Where a result is commercially acceptable (CA), the result is not designated as statistically significant, but it may be regarded as commercially acceptable. Where a result is not significant, we cannot conclude there is a yield difference between the hybrids. This may have two principle implications:
- Where the yields are very similar, and the comparison has been made over more than 20 locations, no significance may indicate there is little measurable difference between the two hybrids (i.e. they yield about the same) or;
- Where there appears to be a yield difference, no significance will generally indicate there are too few trial locations involved, or there have been inconsistent or fluctuating results. It is therefore, not possible to confidently indicate whether the difference is real. In this instance, growers should use the important hybrid trait ratings to select which hybrid to plant.
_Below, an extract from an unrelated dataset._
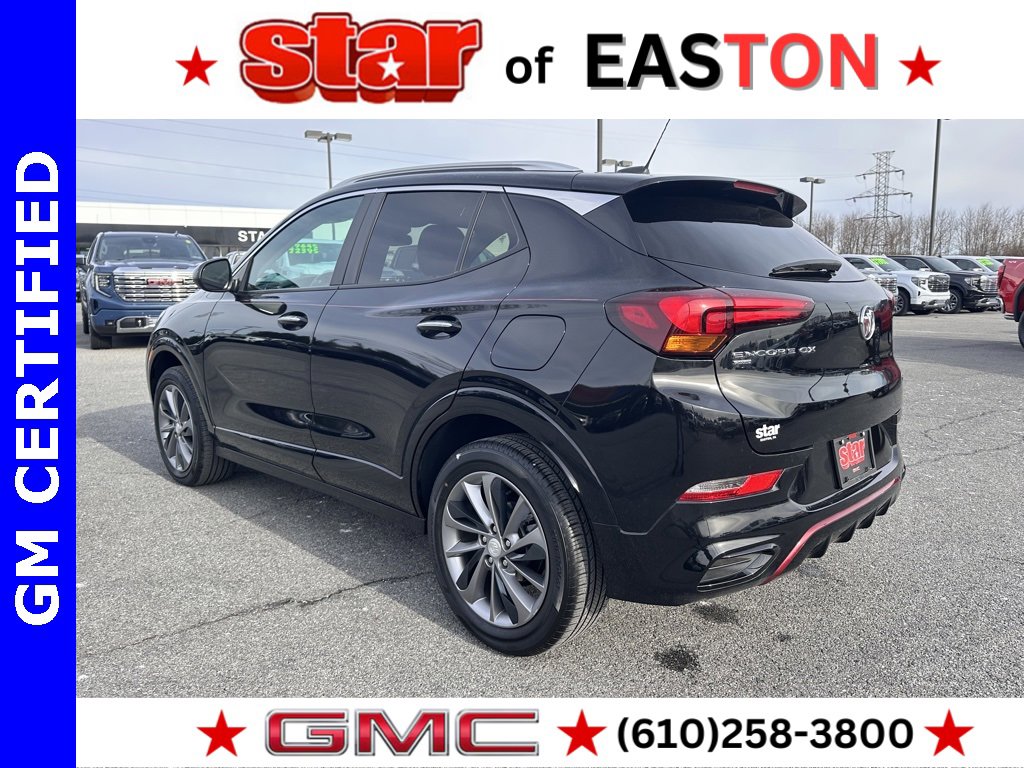 Certified 2023 Buick Encore GX Select w/ Sport Touring Package image 6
On the other hand, yields may appear to be very similar but still achieve significance - this happens in cases where yield variations are small and the number of trial locations is large.
A t-test analysis of statistical significance is now carried out on all Pioneer side-by-side comparisons and we take great care to base our product yield statements on the outcome.
The economics of growing maize for grain are largely dependent on costs, crop yield and the price received per tonne of grain. As a guide, the approximate fixed and variable costs to grow maize during the 2015/2016 season are indicated in the table below. These are indicative only and growers should carefully calculate their own costs and income in order to compute a more accurate analysis of the profitability of their own maize grain enterprise.
|COST/INCOME BASIS||COST PER HECTARE|
|Total costs (inputs & interest) ($/ha)||$2,530|
|Grain price ($/t) - 2015 harvest average||$370|
|Cartage ($/wet tonne)||$18|
|Drying ($/wet tonne) 24 to 14%||$40|
The profitability of each hybrid is calculated using the following assumptions:
- Total costs are a national estimation for the last growing season applicable at 1 January 2015.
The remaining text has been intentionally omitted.